本編の終わり方については賛否両論あるだろうが、個人的にはハッピーエンドと捉えられるあの形でよかったと思う。伏黒恵の最後は決まっていて、虎杖・伏黒・釘崎・五条のうち1人が死ぬか1人だけ生き残るかどちらかだったという作者の言葉を信じるならば、あの選択がベストだった。生き残った伏黒が、すべての罪を背負い独りぼっちで戦い続ける姿など誰が見たいと思うだろう。

さて、ここからが本題。(遅すぎ)
私が一番気になったのは新宿決戦で決着がついた後の日常が、あまりに日常だったこと。平和すぎやしないか?

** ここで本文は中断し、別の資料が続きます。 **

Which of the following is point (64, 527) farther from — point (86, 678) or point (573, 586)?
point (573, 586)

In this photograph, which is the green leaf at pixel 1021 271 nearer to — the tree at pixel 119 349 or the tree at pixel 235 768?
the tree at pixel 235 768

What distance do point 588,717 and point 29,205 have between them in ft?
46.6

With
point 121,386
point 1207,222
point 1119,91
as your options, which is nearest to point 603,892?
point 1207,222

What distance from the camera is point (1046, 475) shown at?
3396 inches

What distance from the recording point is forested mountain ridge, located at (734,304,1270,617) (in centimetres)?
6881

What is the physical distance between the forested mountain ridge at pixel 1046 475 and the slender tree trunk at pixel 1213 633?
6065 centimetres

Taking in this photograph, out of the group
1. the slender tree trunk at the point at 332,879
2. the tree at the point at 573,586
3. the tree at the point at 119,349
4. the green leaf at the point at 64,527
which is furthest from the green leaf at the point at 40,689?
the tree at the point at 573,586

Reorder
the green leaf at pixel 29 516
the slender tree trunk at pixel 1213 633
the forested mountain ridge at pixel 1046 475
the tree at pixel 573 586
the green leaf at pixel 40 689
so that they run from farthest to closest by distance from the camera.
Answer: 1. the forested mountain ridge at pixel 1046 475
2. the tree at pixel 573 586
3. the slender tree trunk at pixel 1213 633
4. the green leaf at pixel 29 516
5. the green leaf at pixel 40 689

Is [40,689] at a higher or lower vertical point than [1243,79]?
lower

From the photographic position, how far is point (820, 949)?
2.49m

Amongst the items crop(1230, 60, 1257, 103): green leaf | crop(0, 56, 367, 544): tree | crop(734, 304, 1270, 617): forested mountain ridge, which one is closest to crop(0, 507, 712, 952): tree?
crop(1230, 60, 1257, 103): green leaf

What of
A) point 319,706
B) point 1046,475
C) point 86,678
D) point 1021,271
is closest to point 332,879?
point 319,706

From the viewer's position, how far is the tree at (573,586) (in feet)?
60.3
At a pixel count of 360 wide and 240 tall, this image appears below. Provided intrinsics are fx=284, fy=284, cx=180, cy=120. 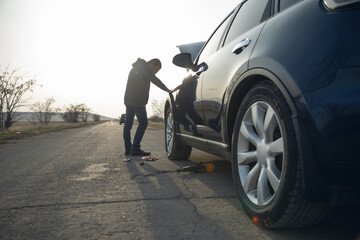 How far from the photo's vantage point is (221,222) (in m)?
1.82

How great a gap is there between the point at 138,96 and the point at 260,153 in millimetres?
3878

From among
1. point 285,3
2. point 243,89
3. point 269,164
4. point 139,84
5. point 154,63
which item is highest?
point 154,63

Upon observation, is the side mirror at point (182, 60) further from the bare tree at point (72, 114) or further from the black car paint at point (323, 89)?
the bare tree at point (72, 114)

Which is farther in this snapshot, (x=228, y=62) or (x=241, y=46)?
(x=228, y=62)

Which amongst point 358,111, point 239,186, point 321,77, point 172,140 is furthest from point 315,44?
point 172,140

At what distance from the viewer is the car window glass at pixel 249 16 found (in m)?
2.24

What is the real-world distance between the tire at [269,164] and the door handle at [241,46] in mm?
427

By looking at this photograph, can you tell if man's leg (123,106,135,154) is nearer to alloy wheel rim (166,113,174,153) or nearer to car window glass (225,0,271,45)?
alloy wheel rim (166,113,174,153)

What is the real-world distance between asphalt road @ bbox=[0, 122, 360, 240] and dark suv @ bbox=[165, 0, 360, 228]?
23cm

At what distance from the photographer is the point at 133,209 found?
6.99 ft

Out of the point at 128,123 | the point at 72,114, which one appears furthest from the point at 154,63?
the point at 72,114

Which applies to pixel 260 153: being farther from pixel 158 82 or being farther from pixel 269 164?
pixel 158 82

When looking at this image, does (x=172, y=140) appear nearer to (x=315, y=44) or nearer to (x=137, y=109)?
(x=137, y=109)

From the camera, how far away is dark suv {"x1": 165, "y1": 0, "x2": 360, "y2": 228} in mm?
1252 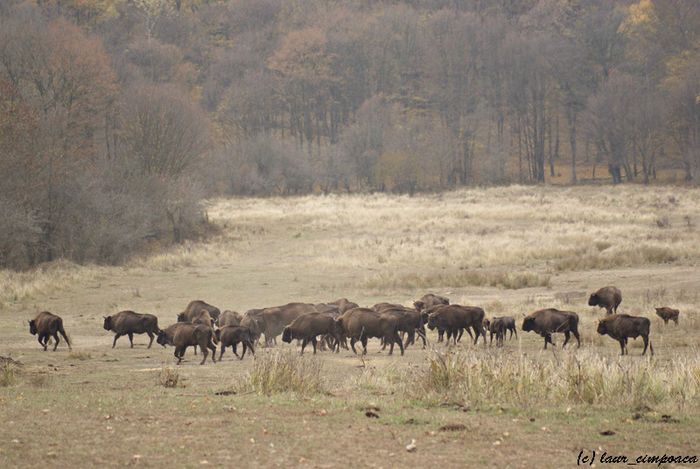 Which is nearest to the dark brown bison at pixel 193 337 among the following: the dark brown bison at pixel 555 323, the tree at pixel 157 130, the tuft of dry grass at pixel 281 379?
the tuft of dry grass at pixel 281 379

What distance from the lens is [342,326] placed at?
15.4 metres

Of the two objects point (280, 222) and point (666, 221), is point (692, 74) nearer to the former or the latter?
point (666, 221)

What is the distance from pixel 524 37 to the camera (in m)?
92.4

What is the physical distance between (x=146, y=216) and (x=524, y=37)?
68.5 m

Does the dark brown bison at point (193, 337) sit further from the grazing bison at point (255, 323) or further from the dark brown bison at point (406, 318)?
the dark brown bison at point (406, 318)

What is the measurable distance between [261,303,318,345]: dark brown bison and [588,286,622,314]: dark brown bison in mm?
7739

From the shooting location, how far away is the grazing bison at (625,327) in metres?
13.5

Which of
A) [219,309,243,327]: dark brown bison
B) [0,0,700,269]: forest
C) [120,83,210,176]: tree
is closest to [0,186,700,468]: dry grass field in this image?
[219,309,243,327]: dark brown bison

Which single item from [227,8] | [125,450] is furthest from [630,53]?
[125,450]

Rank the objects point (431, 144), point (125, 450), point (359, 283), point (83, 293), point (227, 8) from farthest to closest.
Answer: point (227, 8) < point (431, 144) < point (359, 283) < point (83, 293) < point (125, 450)

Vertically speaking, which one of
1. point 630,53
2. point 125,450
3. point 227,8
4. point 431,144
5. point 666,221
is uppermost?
point 227,8

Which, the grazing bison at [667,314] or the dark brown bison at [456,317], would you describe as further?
the grazing bison at [667,314]

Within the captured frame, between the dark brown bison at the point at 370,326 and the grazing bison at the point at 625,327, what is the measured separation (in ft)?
13.9

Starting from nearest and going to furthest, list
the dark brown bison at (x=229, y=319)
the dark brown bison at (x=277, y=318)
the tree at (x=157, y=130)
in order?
the dark brown bison at (x=277, y=318) < the dark brown bison at (x=229, y=319) < the tree at (x=157, y=130) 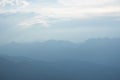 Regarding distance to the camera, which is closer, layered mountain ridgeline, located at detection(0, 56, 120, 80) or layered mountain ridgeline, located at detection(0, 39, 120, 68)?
layered mountain ridgeline, located at detection(0, 56, 120, 80)

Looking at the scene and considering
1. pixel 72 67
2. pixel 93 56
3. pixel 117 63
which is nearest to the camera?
pixel 72 67

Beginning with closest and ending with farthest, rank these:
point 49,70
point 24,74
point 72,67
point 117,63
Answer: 1. point 24,74
2. point 49,70
3. point 72,67
4. point 117,63

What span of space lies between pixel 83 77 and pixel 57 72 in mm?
12290

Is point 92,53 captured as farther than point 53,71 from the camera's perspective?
Yes

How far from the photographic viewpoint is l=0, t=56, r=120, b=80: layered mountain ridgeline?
10254 cm

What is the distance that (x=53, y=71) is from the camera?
112 metres

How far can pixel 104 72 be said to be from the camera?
385 feet

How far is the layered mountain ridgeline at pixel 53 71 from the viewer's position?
10254 cm

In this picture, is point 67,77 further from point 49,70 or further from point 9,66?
point 9,66

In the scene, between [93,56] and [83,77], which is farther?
[93,56]

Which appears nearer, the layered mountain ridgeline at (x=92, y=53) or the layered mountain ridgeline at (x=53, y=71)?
the layered mountain ridgeline at (x=53, y=71)

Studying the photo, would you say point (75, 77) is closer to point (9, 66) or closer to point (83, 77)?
point (83, 77)

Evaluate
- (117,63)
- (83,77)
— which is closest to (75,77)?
(83,77)

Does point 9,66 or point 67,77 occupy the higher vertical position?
point 9,66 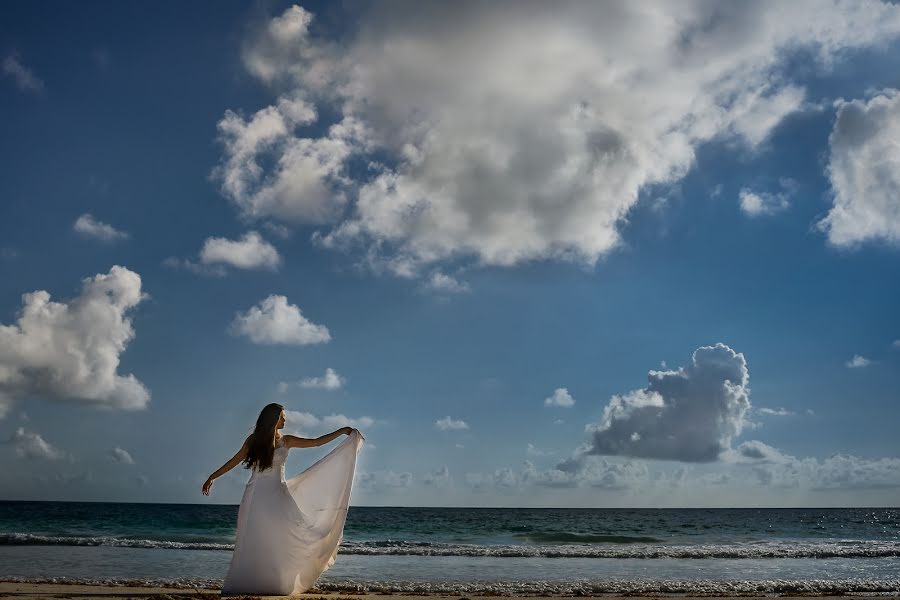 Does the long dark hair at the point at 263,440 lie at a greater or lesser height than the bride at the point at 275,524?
greater

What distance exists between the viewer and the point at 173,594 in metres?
9.16

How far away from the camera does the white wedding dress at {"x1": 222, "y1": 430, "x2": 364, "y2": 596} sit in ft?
27.8

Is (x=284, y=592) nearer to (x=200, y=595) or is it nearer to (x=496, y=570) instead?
(x=200, y=595)

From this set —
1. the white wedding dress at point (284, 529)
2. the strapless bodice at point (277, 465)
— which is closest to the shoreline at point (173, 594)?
the white wedding dress at point (284, 529)

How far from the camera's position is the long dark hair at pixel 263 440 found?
28.0ft

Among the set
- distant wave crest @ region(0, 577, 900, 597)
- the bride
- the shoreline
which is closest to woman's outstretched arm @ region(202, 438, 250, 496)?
the bride

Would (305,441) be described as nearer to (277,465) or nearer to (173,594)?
(277,465)

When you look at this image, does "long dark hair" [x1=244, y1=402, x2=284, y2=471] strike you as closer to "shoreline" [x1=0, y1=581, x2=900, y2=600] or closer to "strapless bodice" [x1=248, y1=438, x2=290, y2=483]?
"strapless bodice" [x1=248, y1=438, x2=290, y2=483]

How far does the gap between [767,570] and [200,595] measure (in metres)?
15.0

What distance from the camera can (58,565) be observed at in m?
16.6

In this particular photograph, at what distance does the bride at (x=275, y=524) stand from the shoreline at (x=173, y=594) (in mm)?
291

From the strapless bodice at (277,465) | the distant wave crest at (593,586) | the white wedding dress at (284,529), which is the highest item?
the strapless bodice at (277,465)

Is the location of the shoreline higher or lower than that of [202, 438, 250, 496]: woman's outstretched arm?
lower

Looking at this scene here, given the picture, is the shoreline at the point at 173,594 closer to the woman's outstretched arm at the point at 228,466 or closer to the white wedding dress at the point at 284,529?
the white wedding dress at the point at 284,529
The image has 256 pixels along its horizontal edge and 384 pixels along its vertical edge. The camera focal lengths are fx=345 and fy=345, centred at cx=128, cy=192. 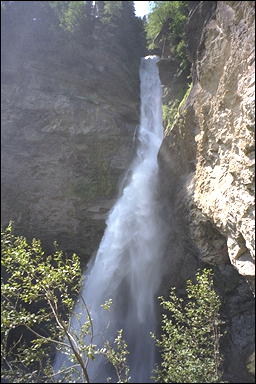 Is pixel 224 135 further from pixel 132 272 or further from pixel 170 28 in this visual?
pixel 170 28

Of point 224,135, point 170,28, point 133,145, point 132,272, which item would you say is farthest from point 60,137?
point 224,135

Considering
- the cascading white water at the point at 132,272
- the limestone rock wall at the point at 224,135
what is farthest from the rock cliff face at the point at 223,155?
the cascading white water at the point at 132,272

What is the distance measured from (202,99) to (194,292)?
7272mm

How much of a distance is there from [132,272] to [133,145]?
834 centimetres

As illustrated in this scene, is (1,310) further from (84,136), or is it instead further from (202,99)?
(84,136)

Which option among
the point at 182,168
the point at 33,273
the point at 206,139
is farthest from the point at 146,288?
the point at 33,273

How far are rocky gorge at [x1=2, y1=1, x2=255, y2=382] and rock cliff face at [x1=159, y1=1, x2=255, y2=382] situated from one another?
0.04 metres

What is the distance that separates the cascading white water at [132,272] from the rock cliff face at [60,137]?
1.08 m

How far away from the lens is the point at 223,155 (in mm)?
10867

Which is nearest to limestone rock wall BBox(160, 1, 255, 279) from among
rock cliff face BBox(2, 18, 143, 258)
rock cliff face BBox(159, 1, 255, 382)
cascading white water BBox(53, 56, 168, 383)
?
rock cliff face BBox(159, 1, 255, 382)

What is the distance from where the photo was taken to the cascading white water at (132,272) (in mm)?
16000

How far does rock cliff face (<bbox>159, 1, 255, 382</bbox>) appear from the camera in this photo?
30.7 ft

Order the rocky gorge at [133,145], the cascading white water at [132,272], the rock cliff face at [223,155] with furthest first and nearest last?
the cascading white water at [132,272]
the rocky gorge at [133,145]
the rock cliff face at [223,155]

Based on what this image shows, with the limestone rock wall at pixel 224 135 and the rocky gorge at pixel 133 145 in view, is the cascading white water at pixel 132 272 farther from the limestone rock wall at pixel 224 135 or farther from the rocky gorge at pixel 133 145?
the limestone rock wall at pixel 224 135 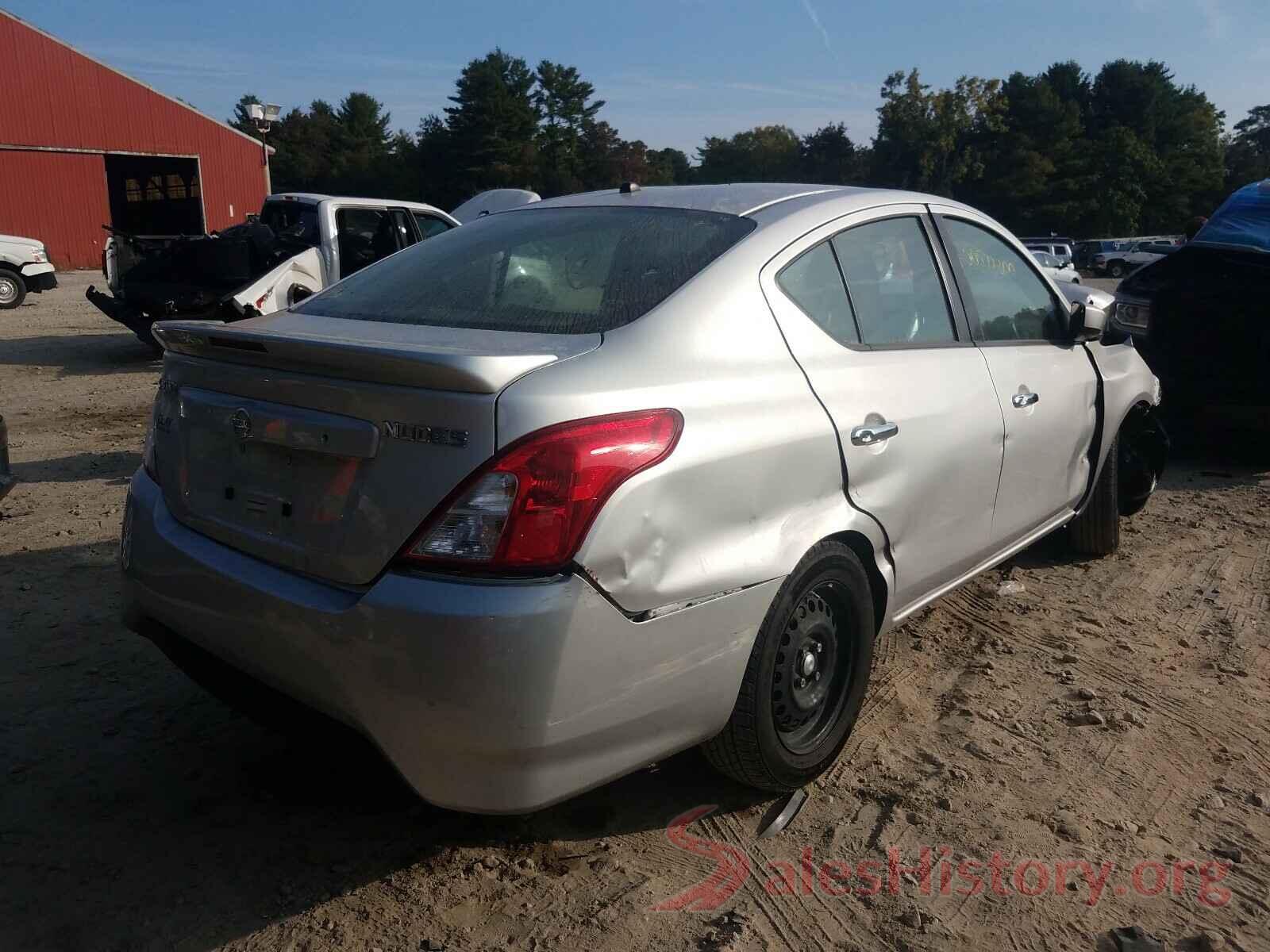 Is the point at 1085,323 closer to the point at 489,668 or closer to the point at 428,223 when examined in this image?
the point at 489,668

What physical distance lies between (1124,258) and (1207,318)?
39.8m

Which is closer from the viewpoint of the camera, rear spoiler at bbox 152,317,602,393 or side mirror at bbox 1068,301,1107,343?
rear spoiler at bbox 152,317,602,393

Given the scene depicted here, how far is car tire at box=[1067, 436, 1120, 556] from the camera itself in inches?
175

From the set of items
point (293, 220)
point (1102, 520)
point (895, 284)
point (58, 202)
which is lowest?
point (1102, 520)

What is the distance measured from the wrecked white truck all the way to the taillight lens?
7.96 meters

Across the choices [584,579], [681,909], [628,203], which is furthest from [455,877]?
[628,203]

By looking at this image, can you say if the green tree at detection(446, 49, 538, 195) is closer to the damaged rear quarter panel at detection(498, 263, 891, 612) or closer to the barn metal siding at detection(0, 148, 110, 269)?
the barn metal siding at detection(0, 148, 110, 269)

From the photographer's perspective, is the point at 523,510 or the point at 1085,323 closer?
the point at 523,510

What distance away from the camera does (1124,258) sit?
41.6 m

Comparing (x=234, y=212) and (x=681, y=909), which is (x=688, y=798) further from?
(x=234, y=212)

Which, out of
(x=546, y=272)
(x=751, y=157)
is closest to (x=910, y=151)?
(x=751, y=157)

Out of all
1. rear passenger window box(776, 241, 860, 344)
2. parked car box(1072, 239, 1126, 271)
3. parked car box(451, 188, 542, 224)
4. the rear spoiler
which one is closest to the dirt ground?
the rear spoiler

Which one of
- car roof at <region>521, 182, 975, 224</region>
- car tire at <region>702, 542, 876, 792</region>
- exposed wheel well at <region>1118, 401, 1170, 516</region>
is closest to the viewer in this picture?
car tire at <region>702, 542, 876, 792</region>

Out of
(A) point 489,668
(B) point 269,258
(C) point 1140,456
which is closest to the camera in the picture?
(A) point 489,668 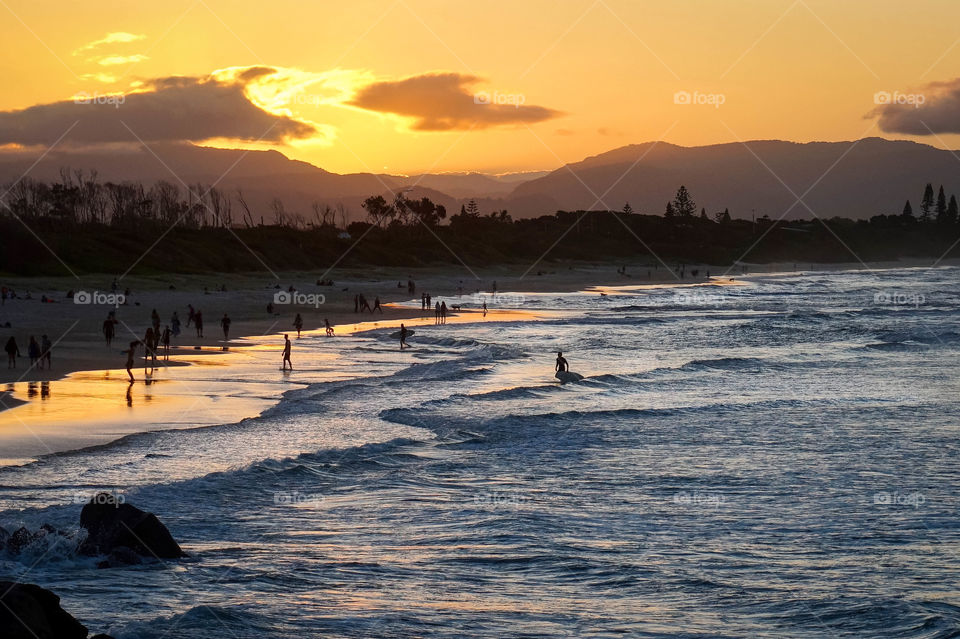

連載中で一番驚いたのは、呪力や呪術師について米国を筆頭とする大国が知るという大風呂敷?を広げてしまったことだ。実際、死滅回遊には米軍や他国からと思しき軍隊が派遣されストーリーに大きな影響を与えている。呪力という “人類史上最もクリーンなエネルギー” を求める大国によって、日本が大混乱に陥っていてもおかしくない状況だったはず。映画『マトリックス』のように管につながれ呪力を吸い取られる日本人たちの姿までバッドエンドの候補として考えていた私にとって、かの平和な日常はかなり拍子抜けだった。

そこでだ。
そこで登場するのが当時放送されたテレビドラマ『全領域異常解決室』だ。見ていなかった方には申し訳ないが、簡単に言うと「日本には今でも八百万の神々が存在していて人々を助けている」というもの。神々は神の宿った人間から神に関する記憶を消す能力を持っていて、一般の人間の記憶の一部も消せるという設定で、この能力を使う呪文が 事度(ことど)を渡す であった。
これだっ!
呪力のことを知った者たちは皆 事度を渡された のだ!
ドラマに結構ハマっていた私は一も二もなくこの説に飛びついた、というよりすがった。